▶ What is expected: Your reply must hold the lines from the one containing "thumbnail image 4" to the end of the entries, copied exactly, with pictures excluded.

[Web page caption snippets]

%%

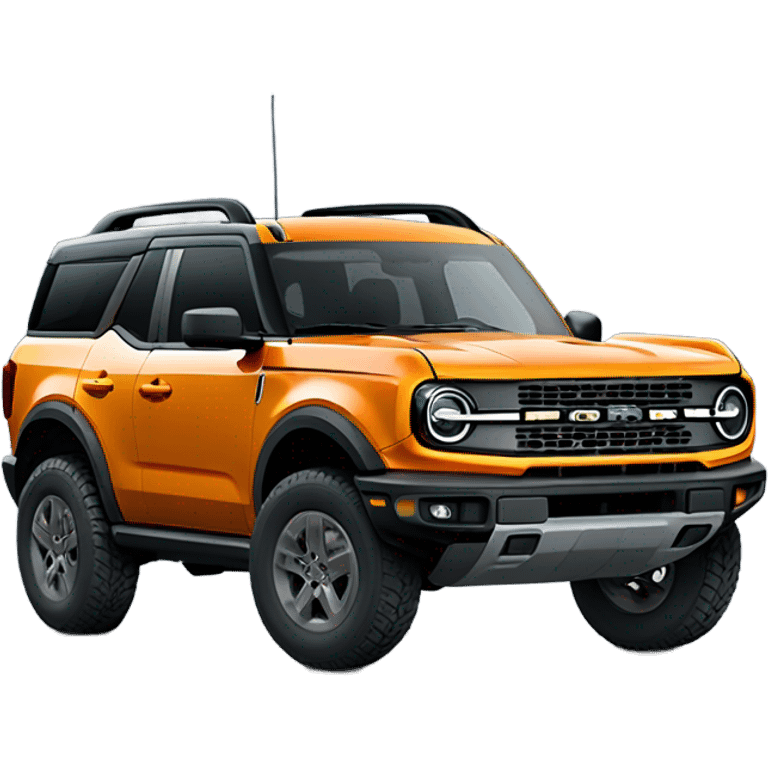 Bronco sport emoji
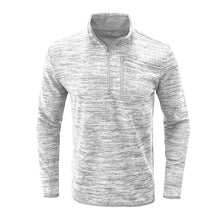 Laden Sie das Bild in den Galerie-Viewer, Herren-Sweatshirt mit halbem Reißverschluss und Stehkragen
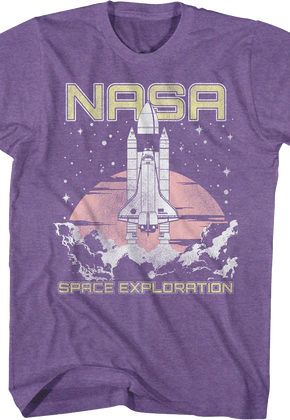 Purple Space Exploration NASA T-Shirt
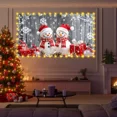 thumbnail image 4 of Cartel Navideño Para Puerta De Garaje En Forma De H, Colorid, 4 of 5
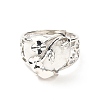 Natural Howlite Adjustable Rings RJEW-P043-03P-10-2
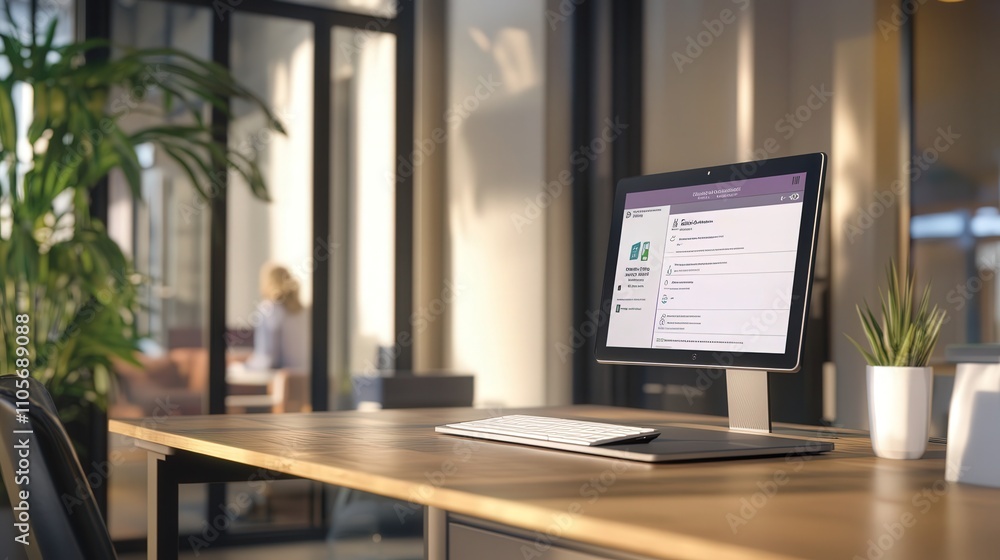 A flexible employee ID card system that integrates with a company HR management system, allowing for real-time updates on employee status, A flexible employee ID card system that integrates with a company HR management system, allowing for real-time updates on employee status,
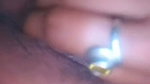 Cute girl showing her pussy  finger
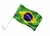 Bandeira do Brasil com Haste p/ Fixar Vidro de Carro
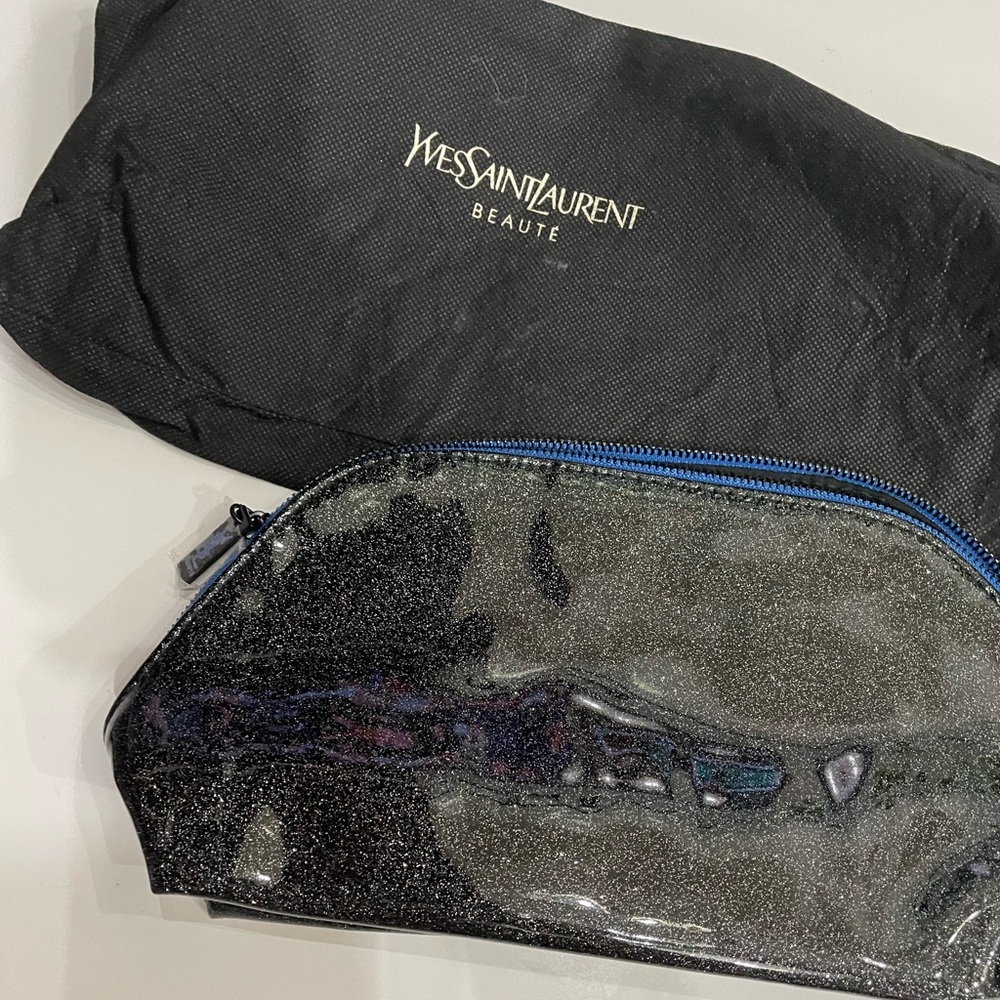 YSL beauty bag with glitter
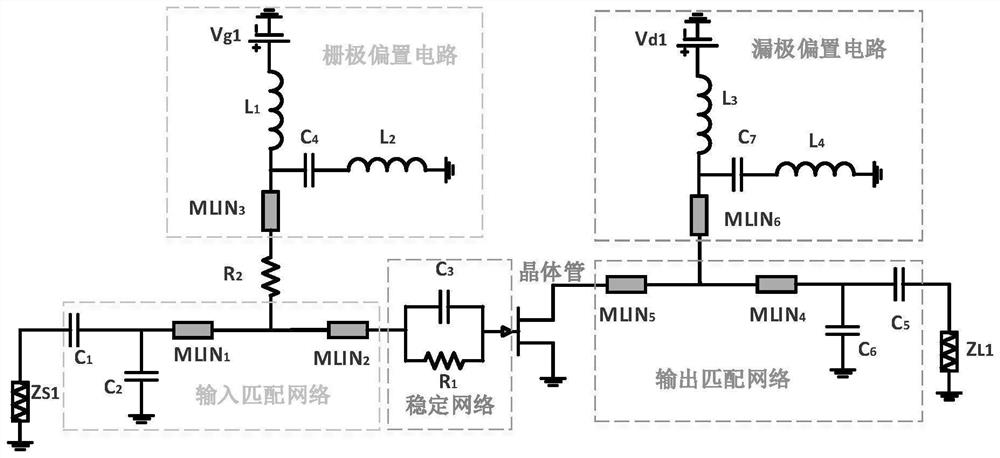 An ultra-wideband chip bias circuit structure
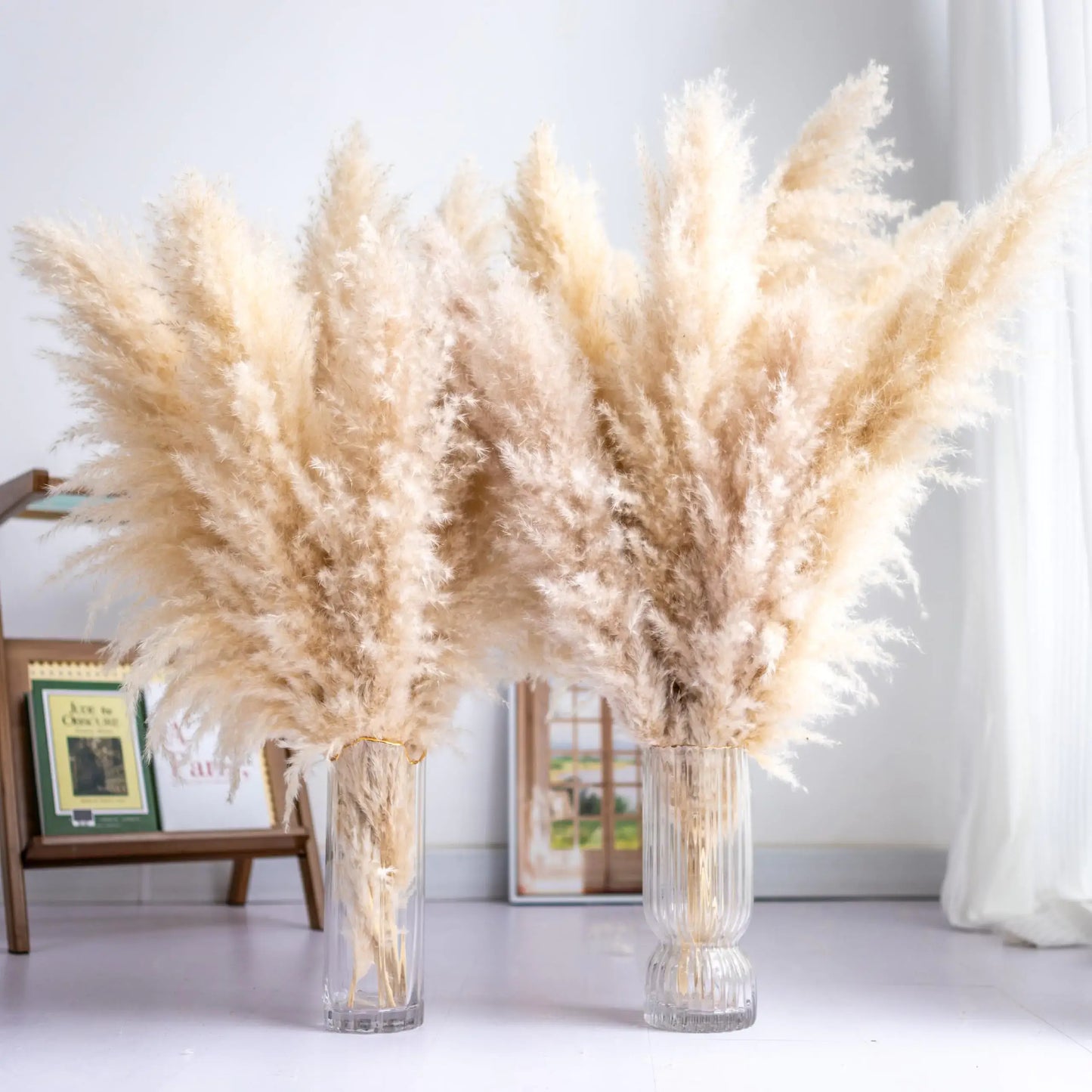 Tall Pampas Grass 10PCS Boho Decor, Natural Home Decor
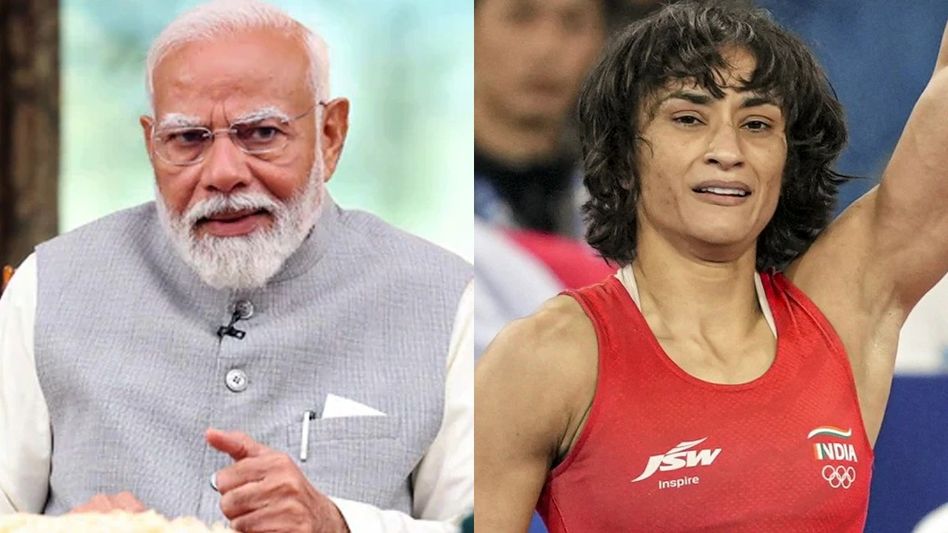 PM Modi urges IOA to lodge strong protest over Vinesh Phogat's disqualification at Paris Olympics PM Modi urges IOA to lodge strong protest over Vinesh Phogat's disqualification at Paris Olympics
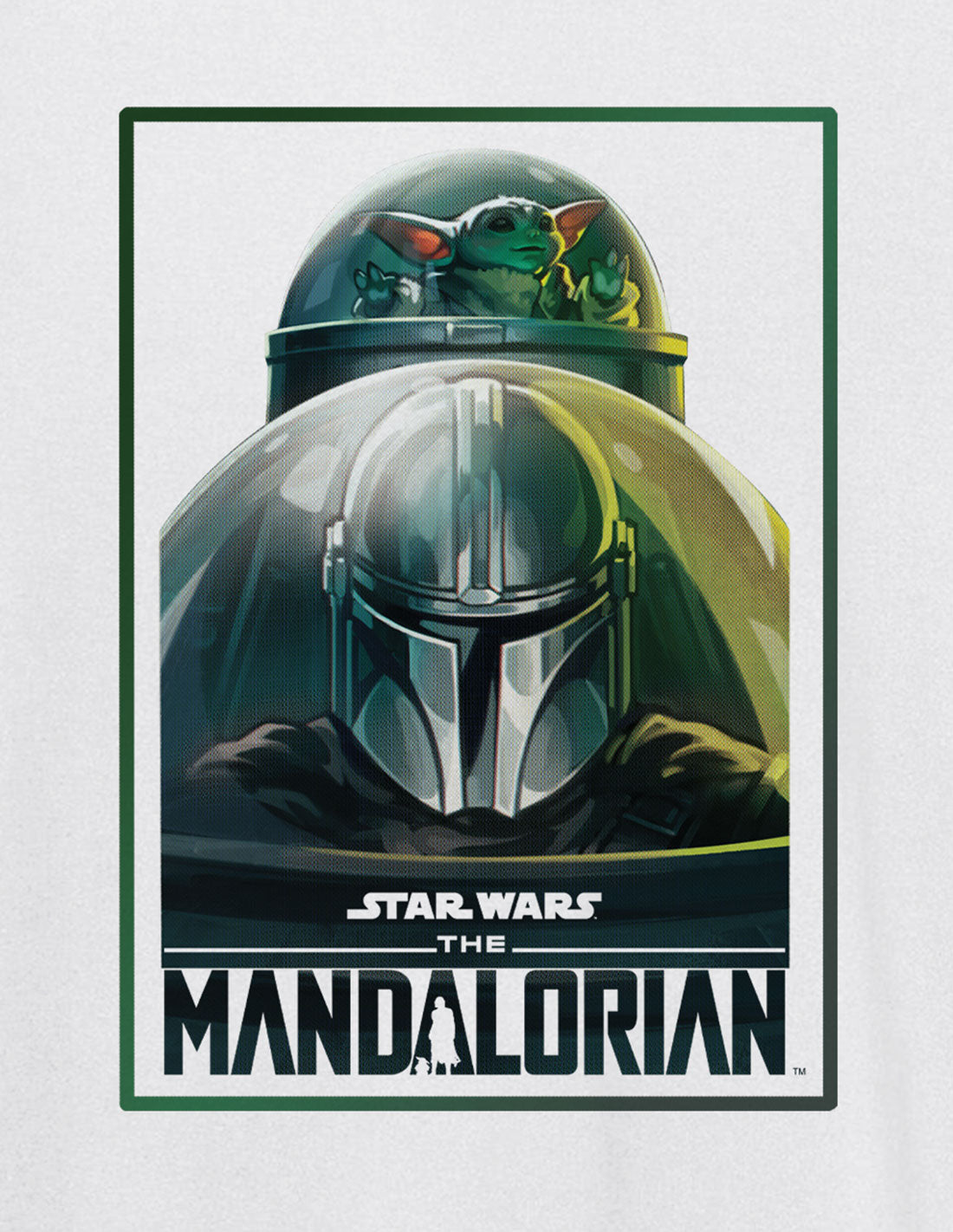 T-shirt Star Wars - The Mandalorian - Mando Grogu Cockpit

%%

▶ Task response:
 thumbnail image 4 of Cartel Navideño Para Puerta De Garaje En Forma De H, Colorid, 4 of 5
 Natural Howlite Adjustable Rings RJEW-P043-03P-10-2
 A flexible employee ID card system that integrates with a company HR management system, allowing for real-time updates on employee status, A flexible employee ID card system that integrates with a company HR management system, allowing for real-time updates on employee status,
 Cute girl showing her pussy  finger
 Bandeira do Brasil com Haste p/ Fixar Vidro de Carro
 YSL beauty bag with glitter
 An ultra-wideband chip bias circuit structure
 Tall Pampas Grass 10PCS Boho Decor, Natural Home Decor
 PM Modi urges IOA to lodge strong protest over Vinesh Phogat's disqualification at Paris Olympics PM Modi urges IOA to lodge strong protest over Vinesh Phogat's disqualification at Paris Olympics
 T-shirt Star Wars - The Mandalorian - Mando Grogu Cockpit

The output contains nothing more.